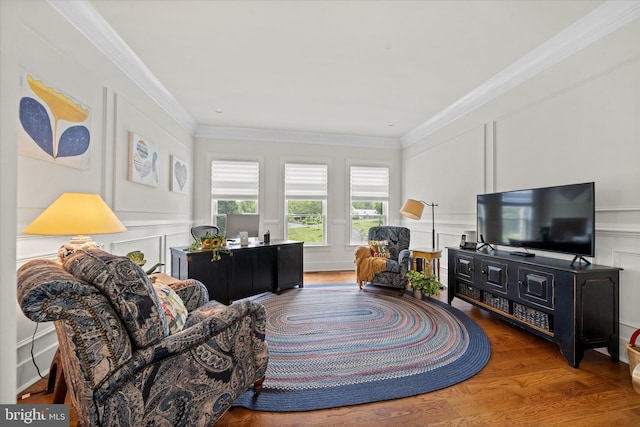 5 Raintree Rd, Chadds Ford, PA 19317 - living area featuring a decorative wall, wood finished floors, and ornamental molding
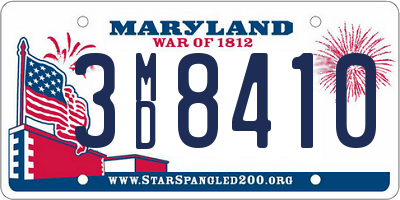 MD license plate 3MD8410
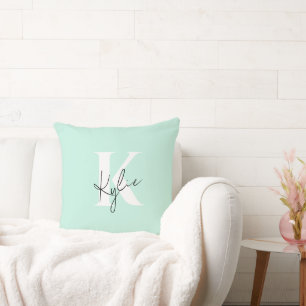 Modern Mint Cream Personalised Monogram Name - Cushion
—————
### DESCRIPTION OF THE TASK
Restate word for word the lines beginning with the one that contains "MD license plate 3MD8410" and ending with the last line of the listing; pictures stay out.

### EXERCISE RESULT
 MD license plate 3MD8410
 Modern Mint Cream Personalised Monogram Name - Cushion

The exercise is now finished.